■ Material provided
········
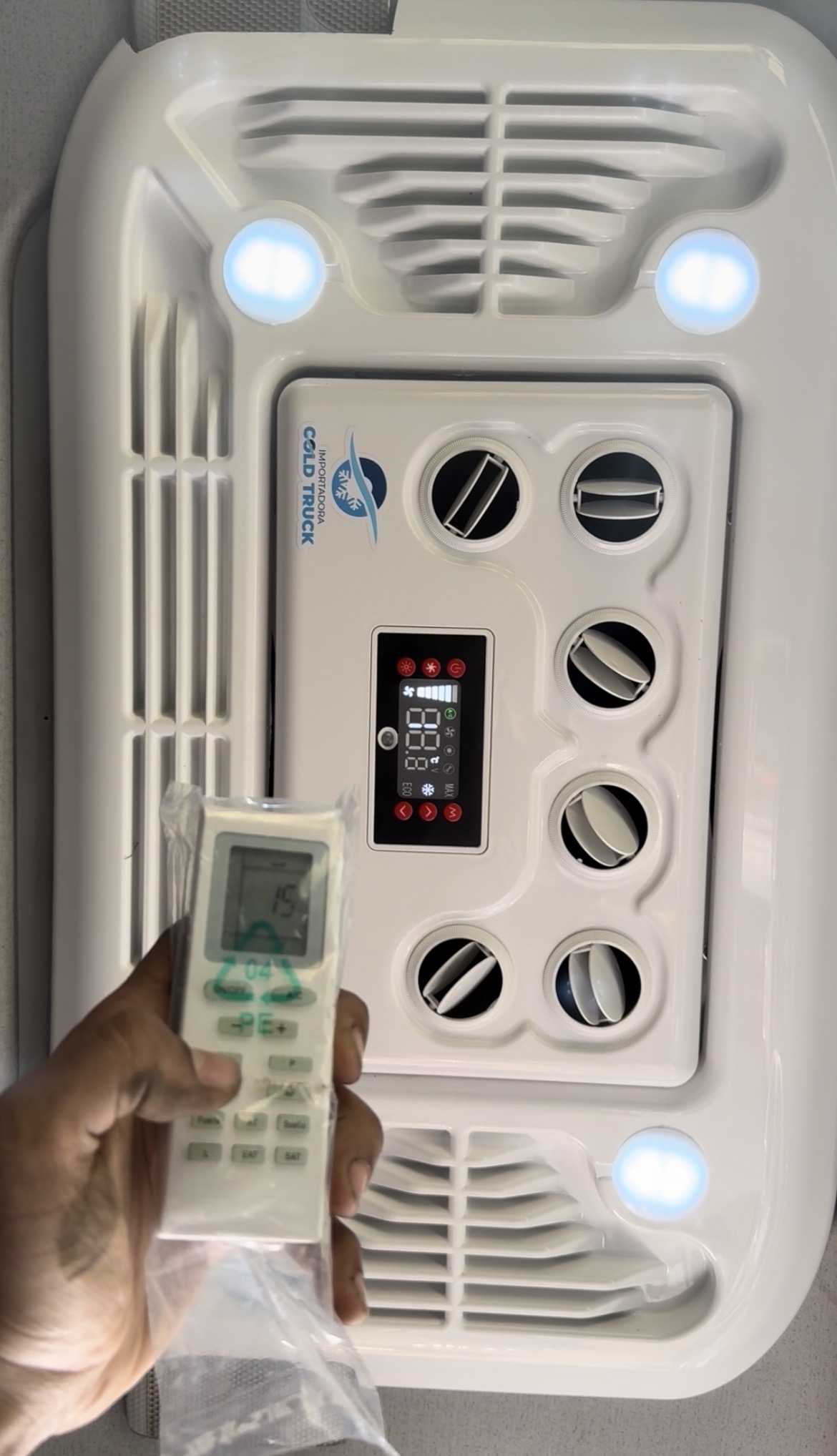 Sistema calefacción - Unidad estacionaria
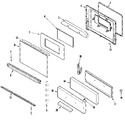 Diagram for 03 - Door/drawer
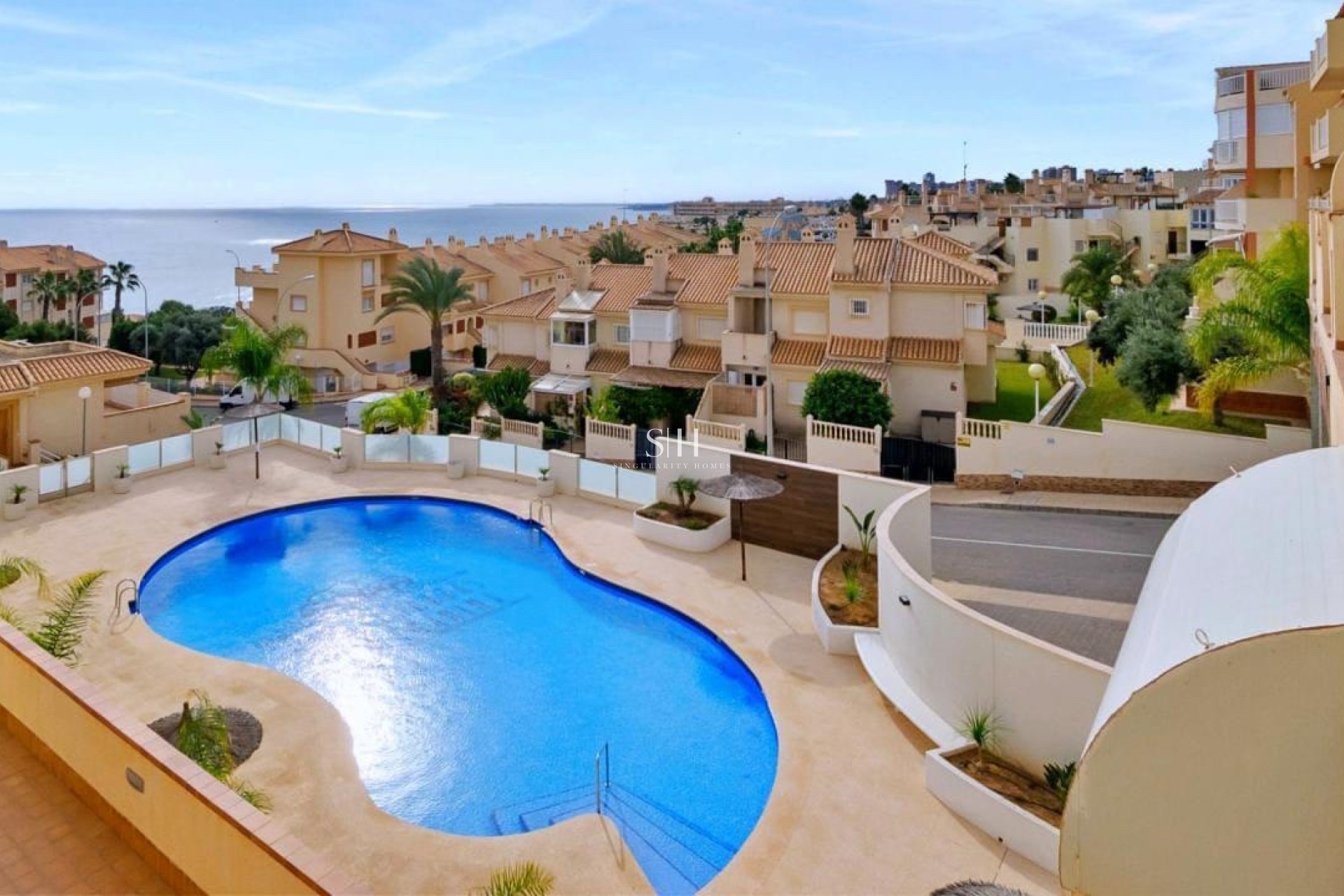 Återförsäljning - Lägenhet / lägenhet - Orihuela Costa - Dehesa de campoamor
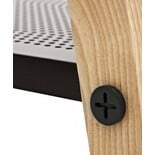 Normann Copenhagen Toj grandes ropa de color gris estante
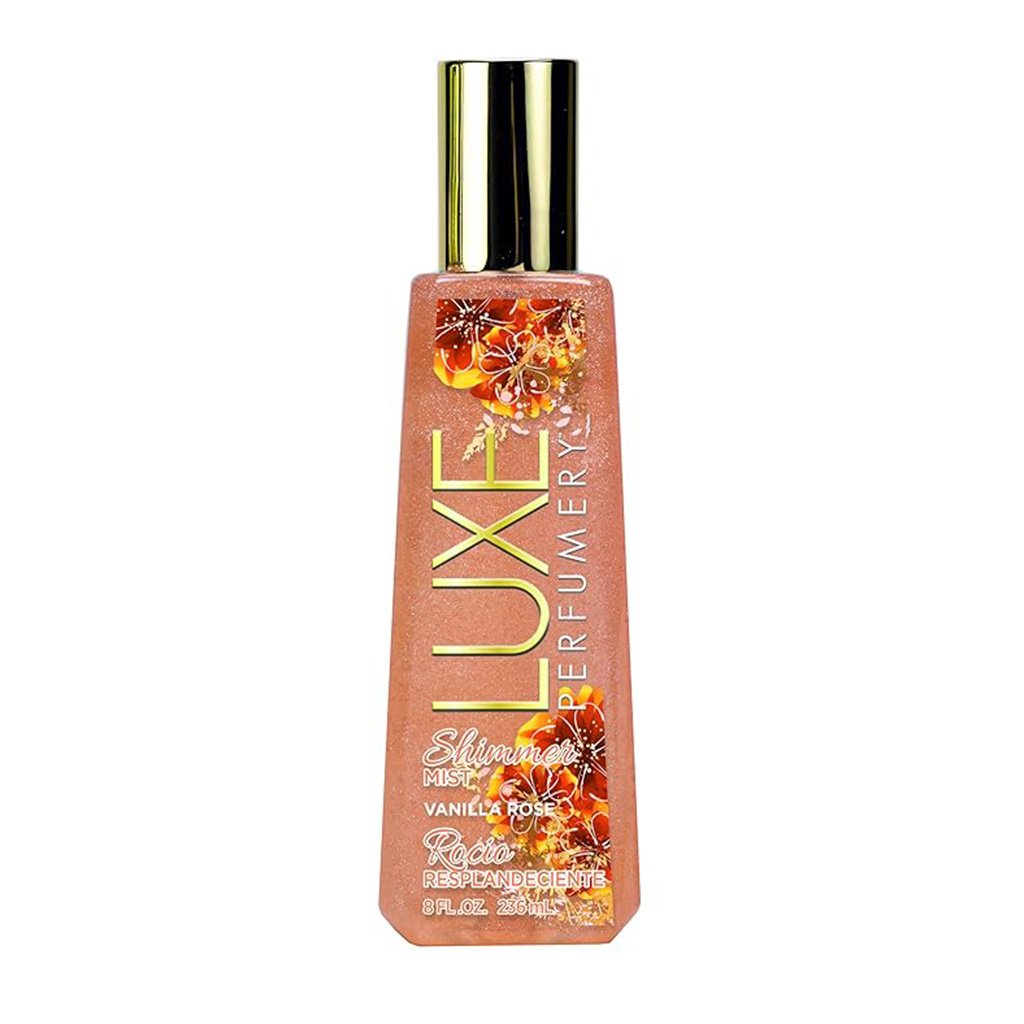 Luxe Perfumery Vanilla Rose Shimmer Mist 236ml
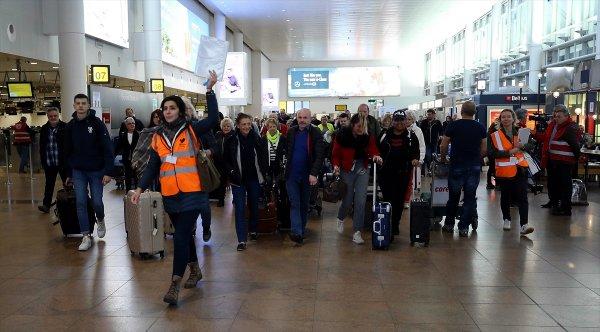 Belçika'da grev zamanı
········
■ Work item
Write out the lines of the material from the one containing "Luxe Perfumery Vanilla" through the last, exactly and only those. Leave every picture out.

■ Solution to the exercise
 Luxe Perfumery Vanilla Rose Shimmer Mist 236ml
 Belçika'da grev zamanı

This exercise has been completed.